++++ Data section

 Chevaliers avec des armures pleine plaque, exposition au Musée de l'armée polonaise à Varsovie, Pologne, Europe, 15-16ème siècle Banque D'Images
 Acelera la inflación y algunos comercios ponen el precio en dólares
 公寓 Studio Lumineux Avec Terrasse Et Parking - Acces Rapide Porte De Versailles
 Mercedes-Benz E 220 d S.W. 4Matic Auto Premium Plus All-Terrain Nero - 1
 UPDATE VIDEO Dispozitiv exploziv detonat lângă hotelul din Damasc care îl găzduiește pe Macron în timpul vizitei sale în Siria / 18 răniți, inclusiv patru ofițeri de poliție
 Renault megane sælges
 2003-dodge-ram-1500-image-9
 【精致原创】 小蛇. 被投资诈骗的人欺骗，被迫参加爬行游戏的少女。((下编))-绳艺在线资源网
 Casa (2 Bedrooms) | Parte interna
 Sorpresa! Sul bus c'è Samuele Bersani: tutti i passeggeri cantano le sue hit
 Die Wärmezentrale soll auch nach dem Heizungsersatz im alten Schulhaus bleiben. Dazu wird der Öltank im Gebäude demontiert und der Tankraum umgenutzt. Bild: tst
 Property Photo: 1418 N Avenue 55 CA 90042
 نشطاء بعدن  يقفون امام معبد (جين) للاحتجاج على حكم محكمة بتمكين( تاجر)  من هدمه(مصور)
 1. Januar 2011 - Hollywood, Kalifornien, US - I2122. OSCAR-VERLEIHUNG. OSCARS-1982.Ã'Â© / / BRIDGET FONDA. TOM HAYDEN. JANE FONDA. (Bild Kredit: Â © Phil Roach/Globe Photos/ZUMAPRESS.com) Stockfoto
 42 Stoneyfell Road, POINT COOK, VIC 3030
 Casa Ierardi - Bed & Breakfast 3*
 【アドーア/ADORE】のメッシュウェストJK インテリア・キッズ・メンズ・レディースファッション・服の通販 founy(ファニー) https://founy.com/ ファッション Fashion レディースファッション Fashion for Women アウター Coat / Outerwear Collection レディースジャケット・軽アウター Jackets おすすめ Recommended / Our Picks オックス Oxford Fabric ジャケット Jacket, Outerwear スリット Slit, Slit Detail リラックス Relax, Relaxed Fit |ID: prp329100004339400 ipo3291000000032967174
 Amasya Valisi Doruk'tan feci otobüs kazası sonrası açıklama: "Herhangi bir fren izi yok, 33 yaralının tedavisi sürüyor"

++++++++

Exactly as they appear above, the records are to be transcribed in full.

## Your solution
 Chevaliers avec des armures pleine plaque, exposition au Musée de l'armée polonaise à Varsovie, Pologne, Europe, 15-16ème siècle Banque D'Images
 Acelera la inflación y algunos comercios ponen el precio en dólares
 公寓 Studio Lumineux Avec Terrasse Et Parking - Acces Rapide Porte De Versailles
 Mercedes-Benz E 220 d S.W. 4Matic Auto Premium Plus All-Terrain Nero - 1
 UPDATE VIDEO Dispozitiv exploziv detonat lângă hotelul din Damasc care îl găzduiește pe Macron în timpul vizitei sale în Siria / 18 răniți, inclusiv patru ofițeri de poliție
 Renault megane sælges
 2003-dodge-ram-1500-image-9
 【精致原创】 小蛇. 被投资诈骗的人欺骗，被迫参加爬行游戏的少女。((下编))-绳艺在线资源网
 Casa (2 Bedrooms) | Parte interna
 Sorpresa! Sul bus c'è Samuele Bersani: tutti i passeggeri cantano le sue hit
 Die Wärmezentrale soll auch nach dem Heizungsersatz im alten Schulhaus bleiben. Dazu wird der Öltank im Gebäude demontiert und der Tankraum umgenutzt. Bild: tst
 Property Photo: 1418 N Avenue 55 CA 90042
 نشطاء بعدن  يقفون امام معبد (جين) للاحتجاج على حكم محكمة بتمكين( تاجر)  من هدمه(مصور)
 1. Januar 2011 - Hollywood, Kalifornien, US - I2122. OSCAR-VERLEIHUNG. OSCARS-1982.Ã'Â© / / BRIDGET FONDA. TOM HAYDEN. JANE FONDA. (Bild Kredit: Â © Phil Roach/Globe Photos/ZUMAPRESS.com) Stockfoto
 42 Stoneyfell Road, POINT COOK, VIC 3030
 Casa Ierardi - Bed & Breakfast 3*
 【アドーア/ADORE】のメッシュウェストJK インテリア・キッズ・メンズ・レディースファッション・服の通販 founy(ファニー) https://founy.com/ ファッション Fashion レディースファッション Fashion for Women アウター Coat / Outerwear Collection レディースジャケット・軽アウター Jackets おすすめ Recommended / Our Picks オックス Oxford Fabric ジャケット Jacket, Outerwear スリット Slit, Slit Detail リラックス Relax, Relaxed Fit |ID: prp329100004339400 ipo3291000000032967174
 Amasya Valisi Doruk'tan feci otobüs kazası sonrası açıklama: "Herhangi bir fren izi yok, 33 yaralının tedavisi sürüyor"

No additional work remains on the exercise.